• **Action item**
Retype every line from the top of the entries down to the one with "大潟区四ツ屋浜中古物件", both included, and skip the pictures.

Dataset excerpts
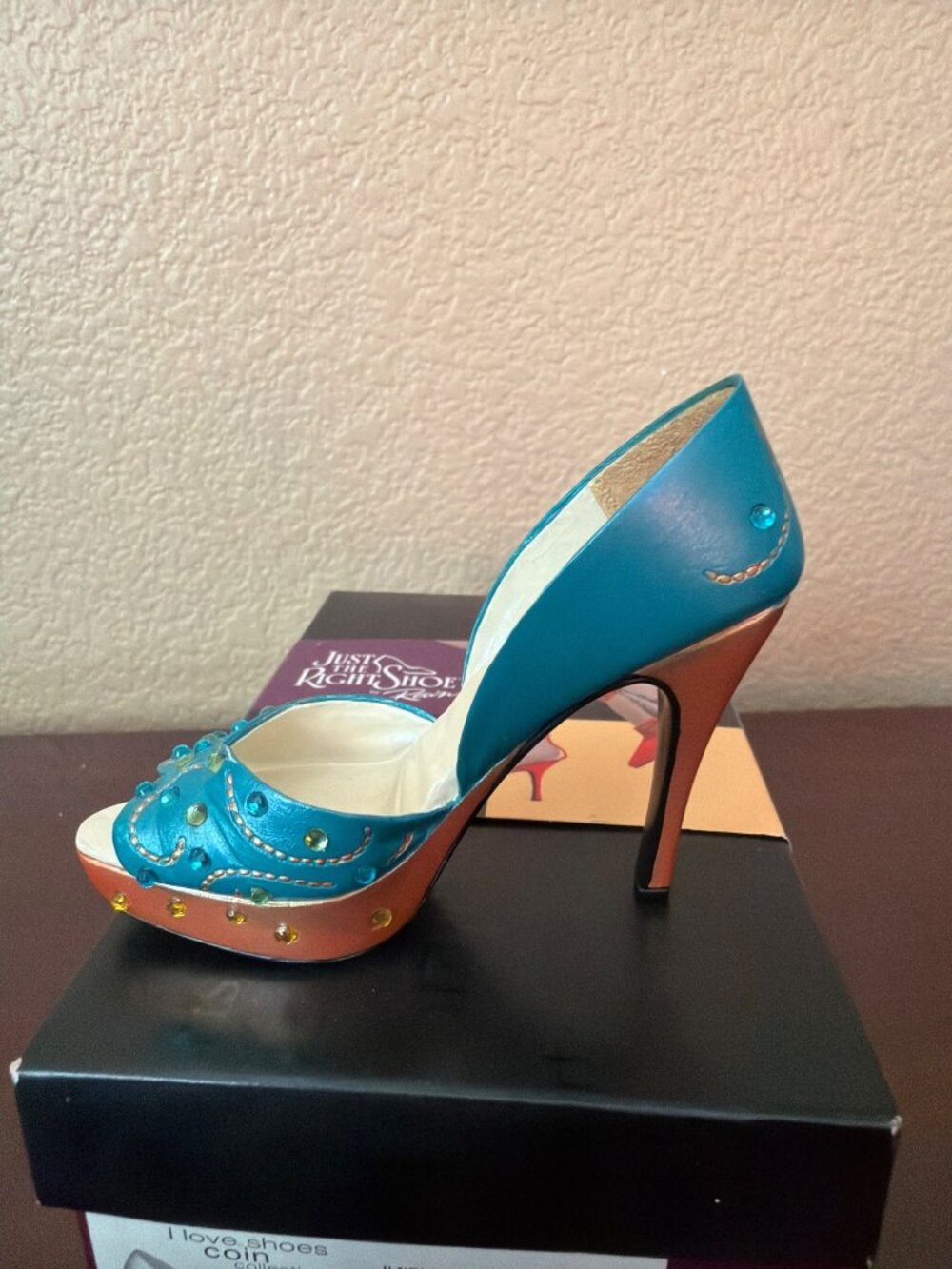 2004 Just the Right Shoe by Raine “Strutt Your Stuff” Love Shoe Coins Pre-owned - Picture 7 of 13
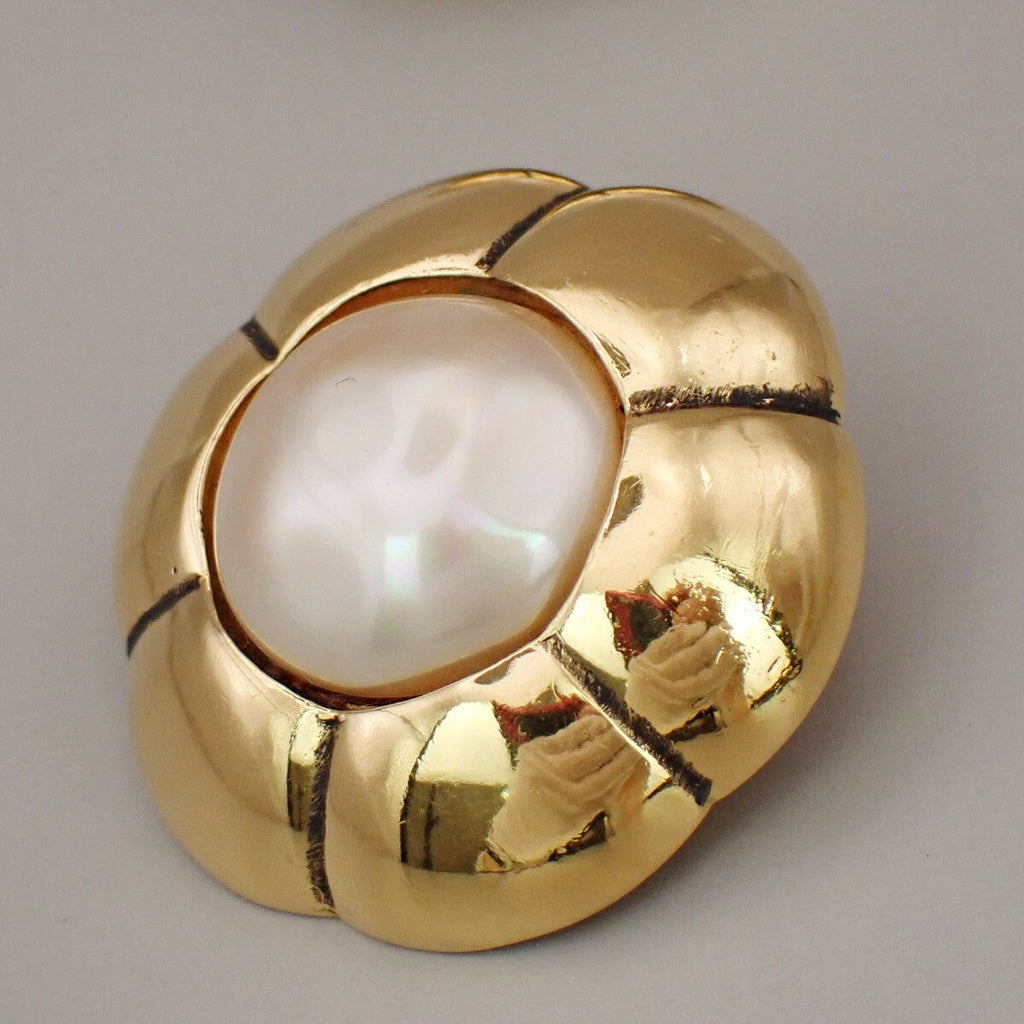 Chanel Vintage Cc Flower Clip-On Earrings Imitation Pearls In Gold Plated Gold Gold_Plated Earrings Jewelry (Pre-Owned)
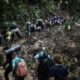 Personas migrantes atraviesan la selva del Tapón del Darién, en la frontera entre Colombia y Panamá. Foto: DW.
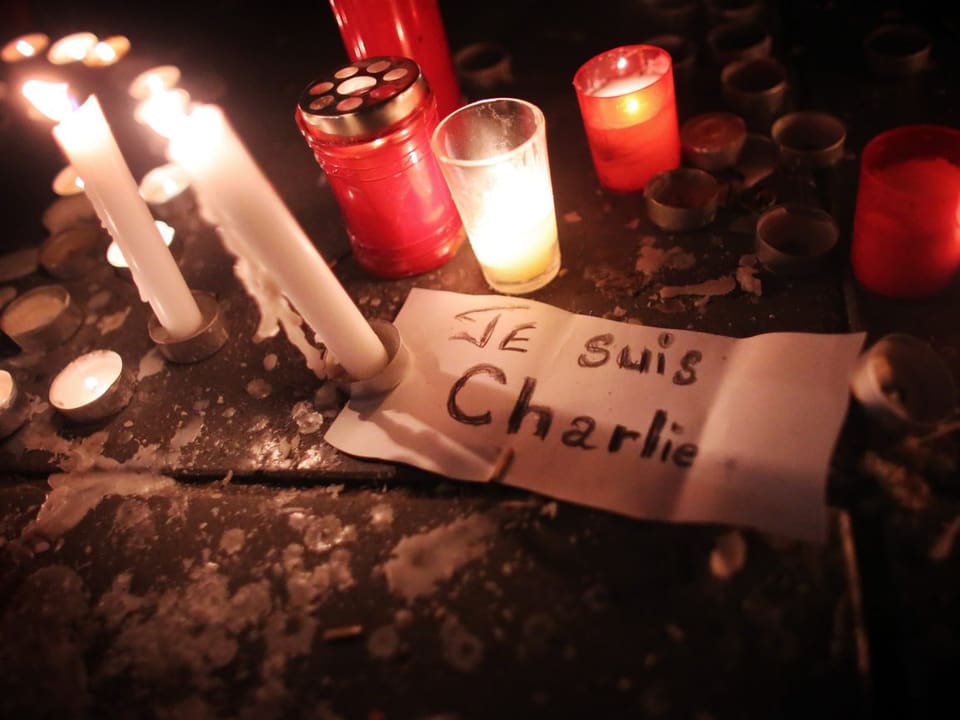 Kerzen und ein Zettel mit der Aufschrift «Je suis Charlie»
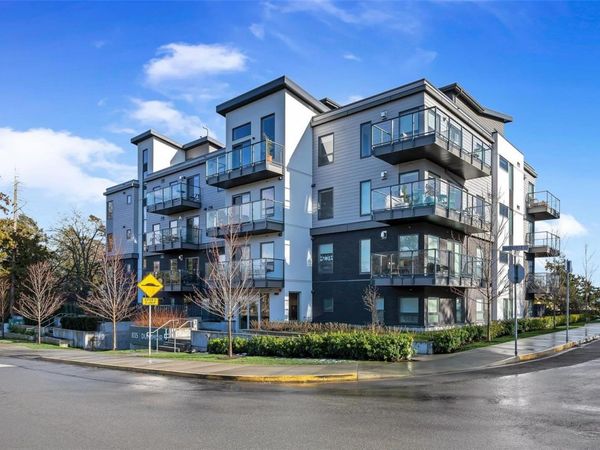 835 Dunsmuir Rd , Unit #302, Esquimalt, BC V9A 5B8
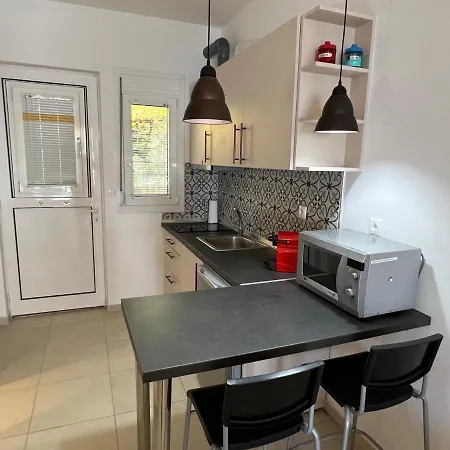 Seafront - Akti Elia Apartment *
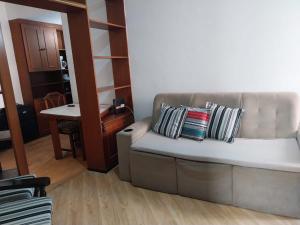 Apto completo com garagem pertinho da Paulista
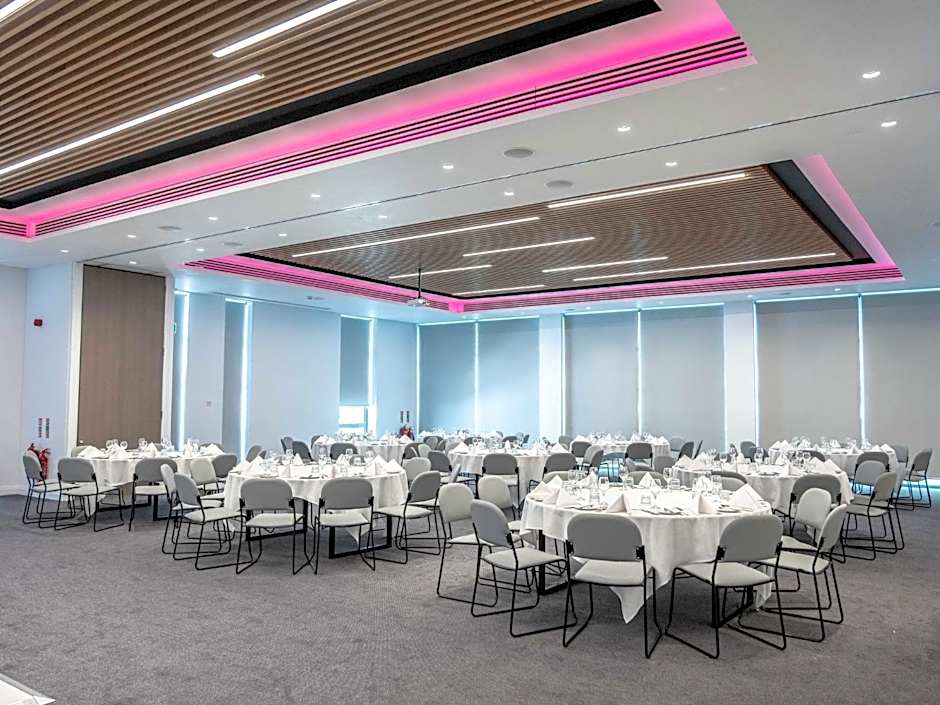 Holiday Inn Birmingham Airport NEC By IHG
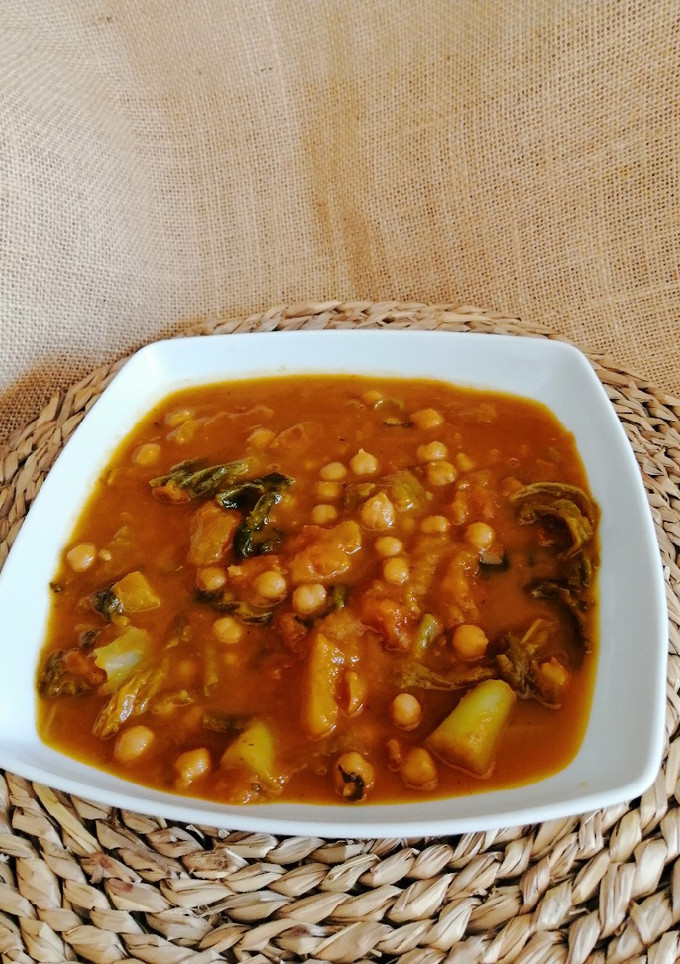 Una foto de Potaje vegetariano de berza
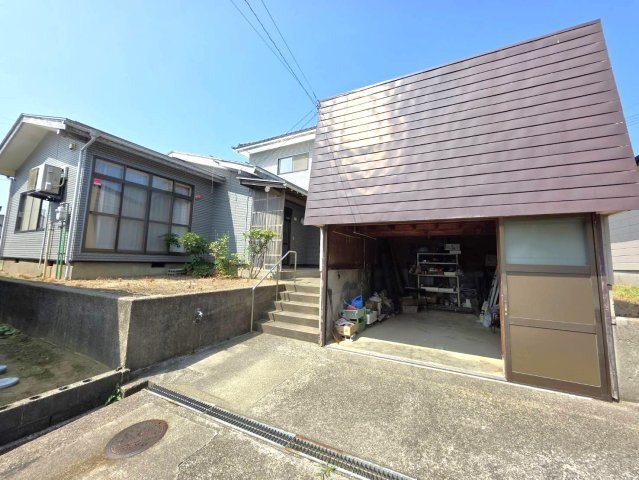 大潟区四ツ屋浜中古物件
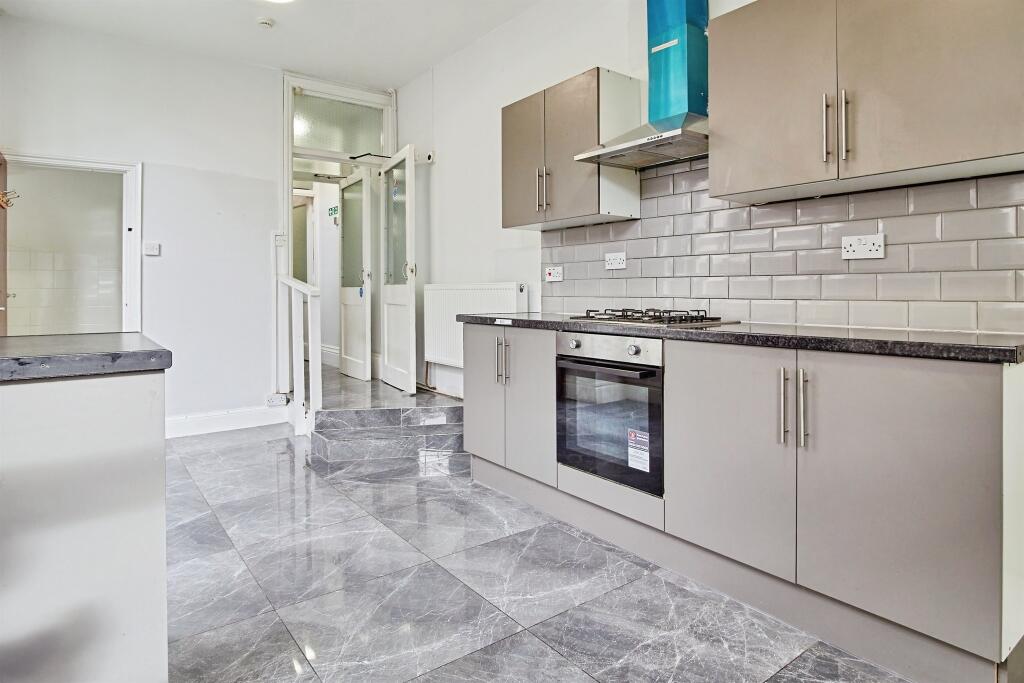 House in Birmingham, Brandwood End - More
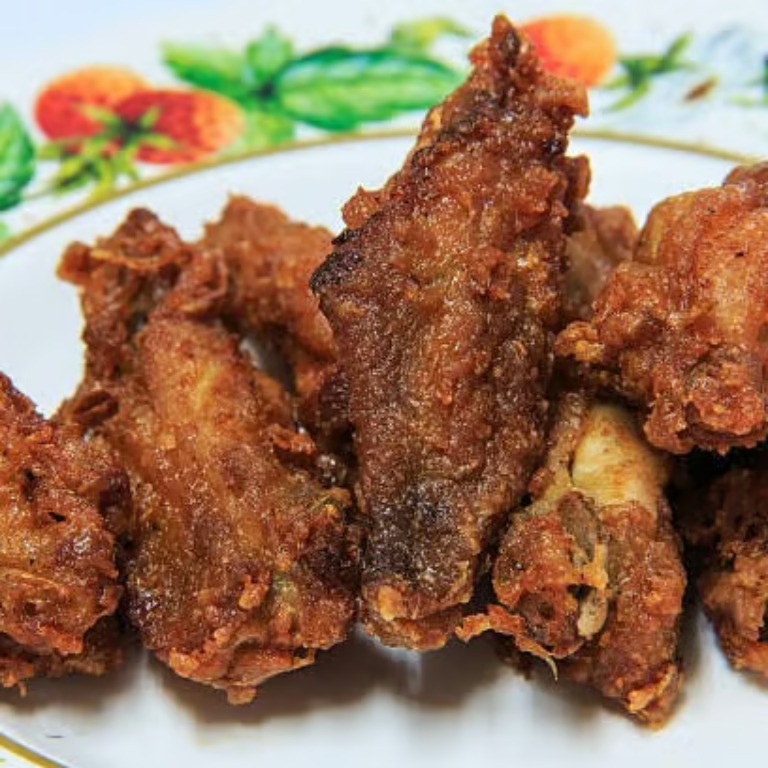 5. Hot Chicken Wing (8)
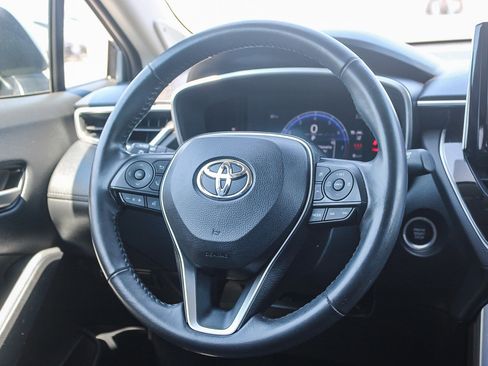 Used 2023 Toyota Corolla Cross XLE w/ Convenience Package FWD image 16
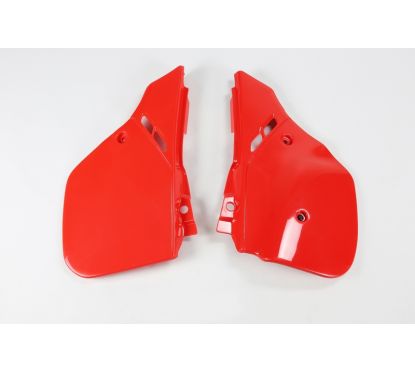 Plaques latérales UFO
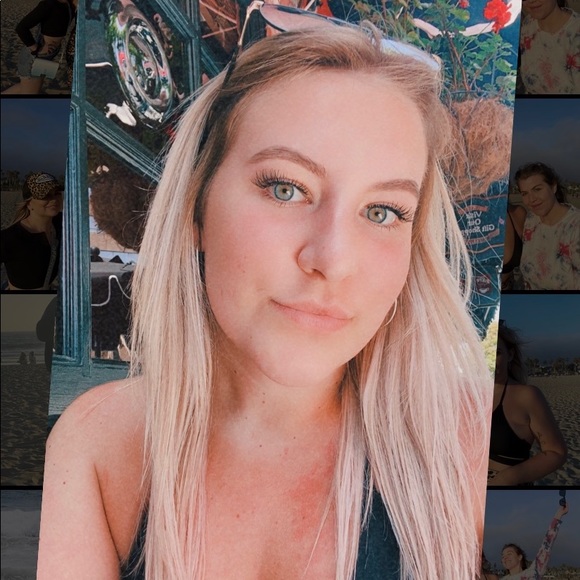 Profile Picture of Karli Redmann (@16redmak) on Poshmark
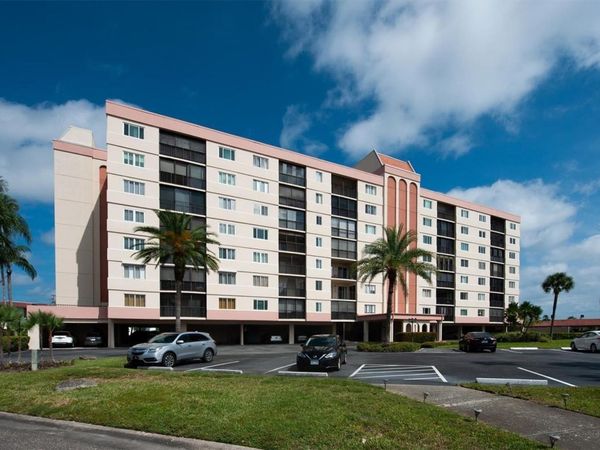 19029 US HIGHWAY 19 N, Unit 9-403, CLEARWATER, FL 33764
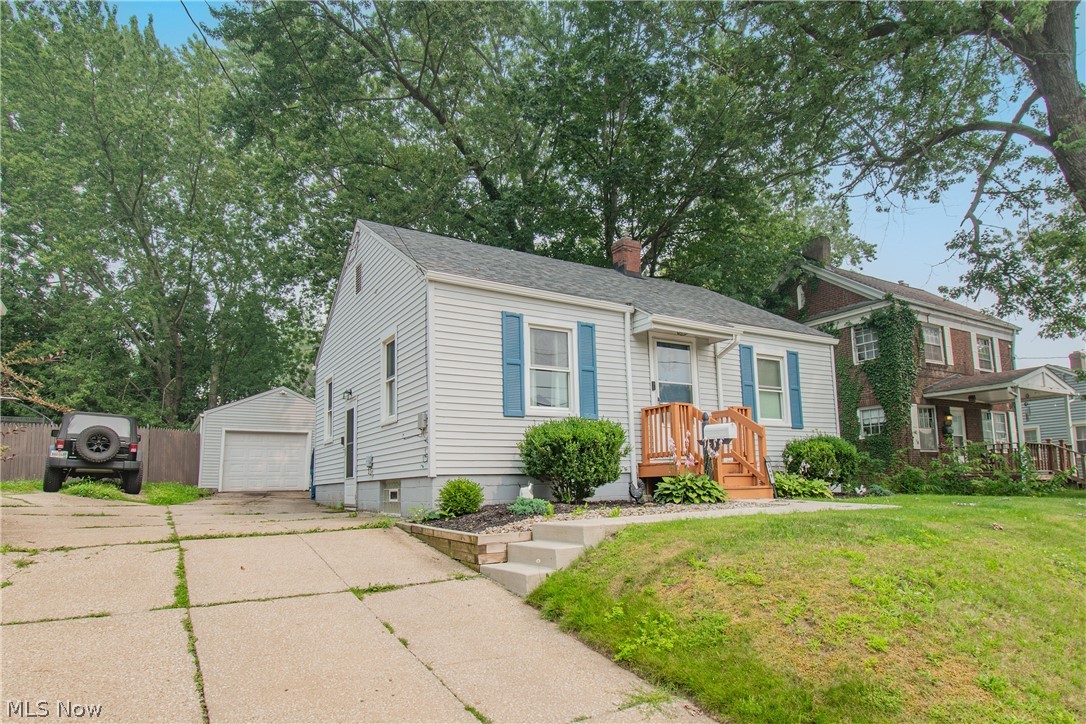 349 Morningview Avenue Akron OH 44305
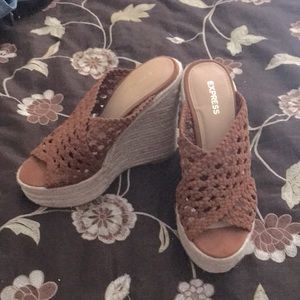 Tan Express espadrille wedges size 6 like new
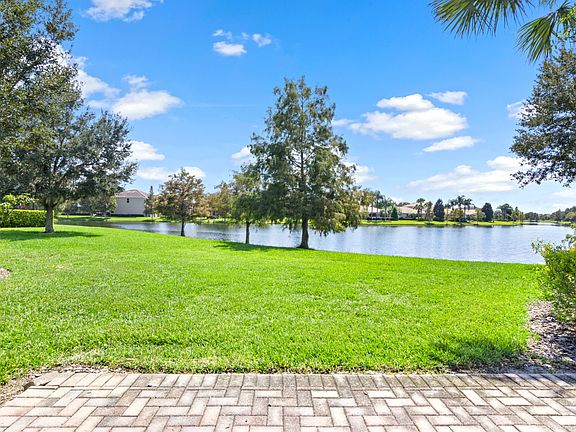 Backyard - Paved Stone Open Patio - Lake View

• **Response area**
 2004 Just the Right Shoe by Raine “Strutt Your Stuff” Love Shoe Coins Pre-owned - Picture 7 of 13
 Chanel Vintage Cc Flower Clip-On Earrings Imitation Pearls In Gold Plated Gold Gold_Plated Earrings Jewelry (Pre-Owned)
 Personas migrantes atraviesan la selva del Tapón del Darién, en la frontera entre Colombia y Panamá. Foto: DW.
 Kerzen und ein Zettel mit der Aufschrift «Je suis Charlie»
 835 Dunsmuir Rd , Unit #302, Esquimalt, BC V9A 5B8
 Seafront - Akti Elia Apartment *
 Apto completo com garagem pertinho da Paulista
 Holiday Inn Birmingham Airport NEC By IHG
 Una foto de Potaje vegetariano de berza
 大潟区四ツ屋浜中古物件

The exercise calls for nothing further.